_Material provided_
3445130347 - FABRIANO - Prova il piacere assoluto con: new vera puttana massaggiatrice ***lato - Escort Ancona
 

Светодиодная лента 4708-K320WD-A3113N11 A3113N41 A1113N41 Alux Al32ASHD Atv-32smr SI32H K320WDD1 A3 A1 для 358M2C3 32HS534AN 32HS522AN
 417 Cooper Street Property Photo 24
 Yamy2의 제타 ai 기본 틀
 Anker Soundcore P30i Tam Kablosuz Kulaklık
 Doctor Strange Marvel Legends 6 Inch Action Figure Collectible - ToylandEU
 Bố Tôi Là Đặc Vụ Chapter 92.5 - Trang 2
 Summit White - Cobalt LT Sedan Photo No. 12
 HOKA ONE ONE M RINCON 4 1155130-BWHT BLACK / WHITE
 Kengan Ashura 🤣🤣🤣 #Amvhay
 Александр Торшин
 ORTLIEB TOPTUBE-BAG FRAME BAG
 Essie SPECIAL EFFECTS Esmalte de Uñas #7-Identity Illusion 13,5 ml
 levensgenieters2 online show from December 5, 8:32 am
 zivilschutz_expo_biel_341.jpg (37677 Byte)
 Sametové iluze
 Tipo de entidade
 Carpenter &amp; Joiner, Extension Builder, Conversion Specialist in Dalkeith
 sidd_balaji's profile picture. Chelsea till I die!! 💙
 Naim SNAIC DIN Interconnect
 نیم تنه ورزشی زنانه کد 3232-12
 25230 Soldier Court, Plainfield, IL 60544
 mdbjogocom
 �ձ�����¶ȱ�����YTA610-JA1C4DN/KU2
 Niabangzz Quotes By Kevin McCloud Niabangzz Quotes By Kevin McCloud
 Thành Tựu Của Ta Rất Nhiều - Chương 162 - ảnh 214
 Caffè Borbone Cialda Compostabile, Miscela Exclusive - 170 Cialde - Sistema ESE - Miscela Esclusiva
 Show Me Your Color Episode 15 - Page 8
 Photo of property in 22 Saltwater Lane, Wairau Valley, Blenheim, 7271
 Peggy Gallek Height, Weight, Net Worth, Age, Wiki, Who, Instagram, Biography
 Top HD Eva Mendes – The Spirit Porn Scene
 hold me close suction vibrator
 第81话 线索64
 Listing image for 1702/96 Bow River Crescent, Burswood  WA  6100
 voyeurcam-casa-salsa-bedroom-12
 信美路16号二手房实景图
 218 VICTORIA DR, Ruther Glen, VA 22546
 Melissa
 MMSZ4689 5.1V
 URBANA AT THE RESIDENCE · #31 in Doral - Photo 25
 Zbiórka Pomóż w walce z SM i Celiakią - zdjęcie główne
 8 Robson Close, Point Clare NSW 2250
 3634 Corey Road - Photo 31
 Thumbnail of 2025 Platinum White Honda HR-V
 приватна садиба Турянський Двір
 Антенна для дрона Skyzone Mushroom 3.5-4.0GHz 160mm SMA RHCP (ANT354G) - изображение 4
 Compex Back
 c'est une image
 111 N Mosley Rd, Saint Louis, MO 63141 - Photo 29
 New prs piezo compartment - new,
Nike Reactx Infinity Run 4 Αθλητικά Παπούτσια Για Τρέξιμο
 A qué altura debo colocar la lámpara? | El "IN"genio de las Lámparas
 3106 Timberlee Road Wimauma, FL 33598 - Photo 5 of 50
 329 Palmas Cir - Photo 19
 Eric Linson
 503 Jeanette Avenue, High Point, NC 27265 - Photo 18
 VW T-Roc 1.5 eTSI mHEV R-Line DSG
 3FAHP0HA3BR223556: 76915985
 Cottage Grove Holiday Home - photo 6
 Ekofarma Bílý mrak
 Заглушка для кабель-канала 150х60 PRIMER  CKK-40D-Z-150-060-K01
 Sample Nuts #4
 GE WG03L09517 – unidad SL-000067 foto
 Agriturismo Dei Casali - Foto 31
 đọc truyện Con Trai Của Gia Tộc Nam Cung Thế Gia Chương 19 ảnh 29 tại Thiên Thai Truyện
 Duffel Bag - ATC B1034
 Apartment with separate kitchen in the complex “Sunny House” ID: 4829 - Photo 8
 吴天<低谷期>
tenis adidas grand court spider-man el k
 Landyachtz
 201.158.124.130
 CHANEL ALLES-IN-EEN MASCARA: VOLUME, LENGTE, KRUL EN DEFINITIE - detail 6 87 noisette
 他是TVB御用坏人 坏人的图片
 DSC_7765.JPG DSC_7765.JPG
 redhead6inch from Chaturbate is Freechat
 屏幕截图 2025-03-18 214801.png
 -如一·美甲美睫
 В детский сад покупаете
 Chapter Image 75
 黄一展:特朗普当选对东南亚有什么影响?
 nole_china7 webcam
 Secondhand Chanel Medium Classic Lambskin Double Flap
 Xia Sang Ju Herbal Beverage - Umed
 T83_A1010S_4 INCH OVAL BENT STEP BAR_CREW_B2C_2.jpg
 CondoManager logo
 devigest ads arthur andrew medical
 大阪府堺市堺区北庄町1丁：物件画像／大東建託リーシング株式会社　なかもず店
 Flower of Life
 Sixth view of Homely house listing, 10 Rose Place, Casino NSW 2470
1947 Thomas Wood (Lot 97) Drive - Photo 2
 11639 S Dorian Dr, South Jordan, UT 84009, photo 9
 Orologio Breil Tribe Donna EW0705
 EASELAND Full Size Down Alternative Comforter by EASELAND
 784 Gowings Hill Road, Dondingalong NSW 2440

_The task_
In the entries above, one line contains "приватна садиба Турянський Двір" and another contains "Xia Sang Ju Herbal Beverage - Umed". Reproduce exactly those two lines and the lines between them, nothing else.

_The answer_
 приватна садиба Турянський Двір
 Антенна для дрона Skyzone Mushroom 3.5-4.0GHz 160mm SMA RHCP (ANT354G) - изображение 4
 Compex Back
 c'est une image
 111 N Mosley Rd, Saint Louis, MO 63141 - Photo 29
 New prs piezo compartment - new,
Nike Reactx Infinity Run 4 Αθλητικά Παπούτσια Για Τρέξιμο
 A qué altura debo colocar la lámpara? | El "IN"genio de las Lámparas
 3106 Timberlee Road Wimauma, FL 33598 - Photo 5 of 50
 329 Palmas Cir - Photo 19
 Eric Linson
 503 Jeanette Avenue, High Point, NC 27265 - Photo 18
 VW T-Roc 1.5 eTSI mHEV R-Line DSG
 3FAHP0HA3BR223556: 76915985
 Cottage Grove Holiday Home - photo 6
 Ekofarma Bílý mrak
 Заглушка для кабель-канала 150х60 PRIMER  CKK-40D-Z-150-060-K01
 Sample Nuts #4
 GE WG03L09517 – unidad SL-000067 foto
 Agriturismo Dei Casali - Foto 31
 đọc truyện Con Trai Của Gia Tộc Nam Cung Thế Gia Chương 19 ảnh 29 tại Thiên Thai Truyện
 Duffel Bag - ATC B1034
 Apartment with separate kitchen in the complex “Sunny House” ID: 4829 - Photo 8
 吴天<低谷期>
tenis adidas grand court spider-man el k
 Landyachtz
 201.158.124.130
 CHANEL ALLES-IN-EEN MASCARA: VOLUME, LENGTE, KRUL EN DEFINITIE - detail 6 87 noisette
 他是TVB御用坏人 坏人的图片
 DSC_7765.JPG DSC_7765.JPG
 redhead6inch from Chaturbate is Freechat
 屏幕截图 2025-03-18 214801.png
 -如一·美甲美睫
 В детский сад покупаете
 Chapter Image 75
 黄一展:特朗普当选对东南亚有什么影响?
 nole_china7 webcam
 Secondhand Chanel Medium Classic Lambskin Double Flap
 Xia Sang Ju Herbal Beverage - Umed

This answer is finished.